How a capacity market works

In regions that run one, the grid operator first determines how much capacity the system will need for a future delivery period — typically a year or more ahead — based on a forecast of peak demand plus a target reserve margin. Resources then offer their availability into a capacity auction, and the auction clears at a price that procures the needed quantity. A resource that clears receives the capacity payment and takes on an obligation: it must be available during the delivery period, and it faces penalties if it fails to perform when called. This is why the construct is forward-looking — it secures capacity before the period it covers, giving developers a revenue signal to keep existing plants online and to build new ones.

The reserve margin is the quantity the construct is built around. A grid cannot plan to have capacity exactly equal to its forecast peak, because demand forecasts are uncertain, plants fail unexpectedly, and weather can push load above expectations; the reserve margin is the cushion of capacity above forecast peak that the system targets to keep the risk of falling short within an accepted reliability threshold. The capacity market exists to procure enough capacity to meet that target, and the demand for capacity in the auction is set administratively to reflect it rather than emerging from a willing buyer. The performance obligation is what gives the payment teeth: a resource paid to be available that then fails to show up when the system is stressed typically owes penalties, and in some markets those penalties are sharp, which is meant to ensure the capacity that was paid for is the capacity that actually performs.

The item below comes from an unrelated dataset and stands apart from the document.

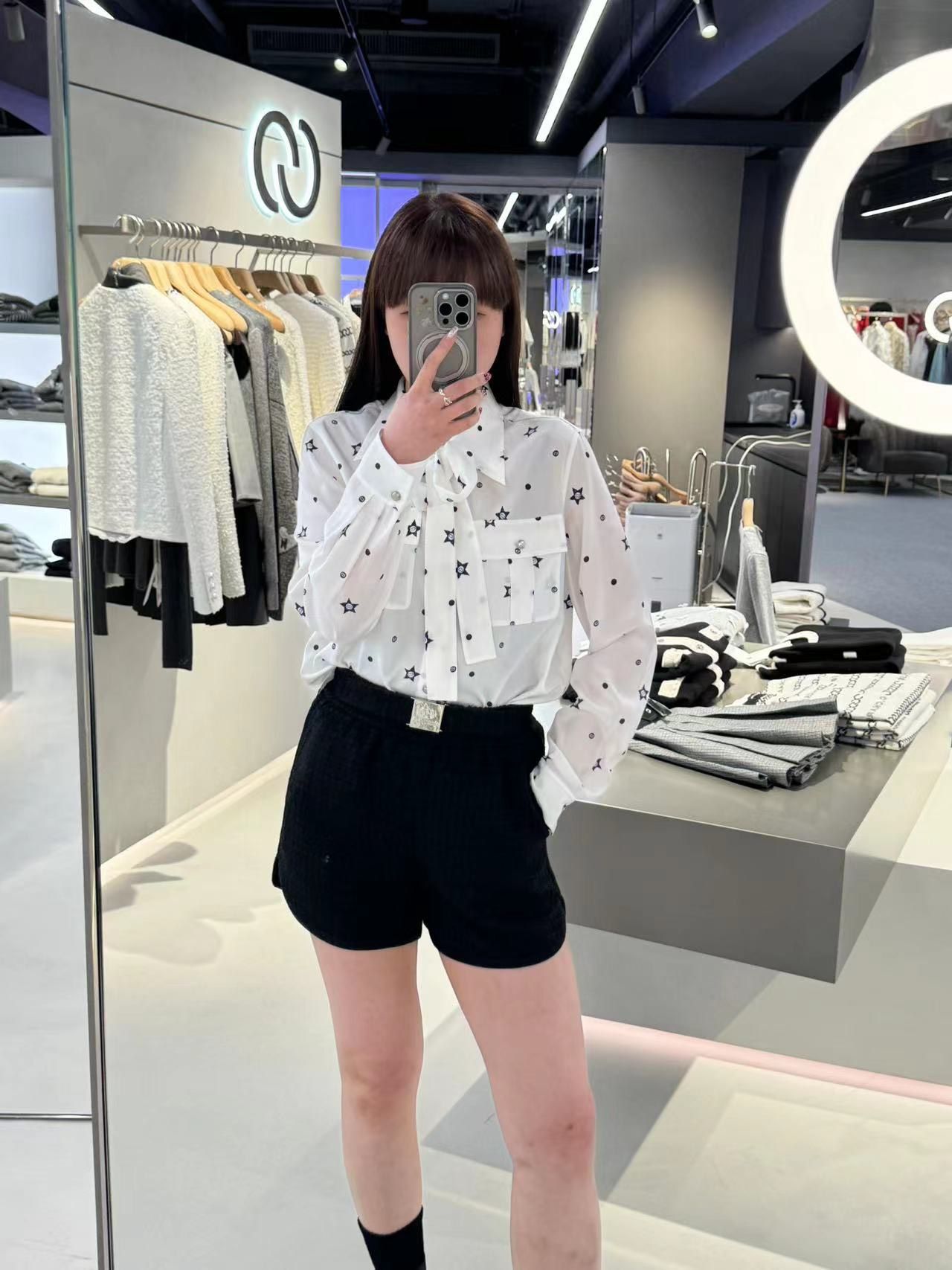 Sơ mi lụa, hoạ tiết sao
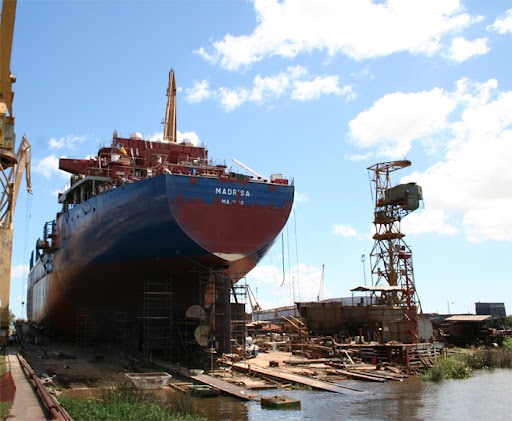 Destacan el rol de la industria naval como generadora de mano de obra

The FERC notice makes the central distinction explicit: capacity markets exist in some RTO/ISO regions and not others. Regions without a capacity market still must solve resource adequacy, and they do so through what the Commission calls alternative constructs — for example, requiring load-serving entities to procure their own adequate capacity through bilateral contracts and obligations, or relying more heavily on the energy and reserve markets with administrative reliability requirements. There is no single national capacity market; the construct is region-specific, and the design choices — how far ahead capacity is procured, how performance is enforced, how new and intermittent resources are credited — differ from market to market.

Why it matters for storage and renewables

The capacity-market question has sharpened as the resource mix has shifted toward solar, wind, and battery storage. These resources contribute to capacity differently than a conventional plant: a solar facility's availability depends on the sun, and a battery's depends on its duration. Capacity markets address this through a capacity-accreditation process that assigns each resource a capacity value reflecting how much it can reliably contribute during the system's tightest hours, which for a four-hour battery is tied to how long the peak stress period lasts. A 100-megawatt, four-hour battery does not necessarily receive 100 megawatts of capacity credit; it receives a value reflecting how reliably four hours of discharge covers the hours when the grid is short, which can be less than nameplate if the stress period runs longer than the battery's duration. This is why duration is so often described as the central variable in storage economics — it affects both the energy a battery can shift and the capacity value it is accredited. For a storage developer, the capacity-market revenue stream — payment for being available — can be as important to a project's economics as the energy it sells, which is why the construct shows up in how storage projects are financed and described. A capacity market, in short, is the part of the grid's market design that pays for readiness, and resource adequacy is the reliability goal it is built to serve.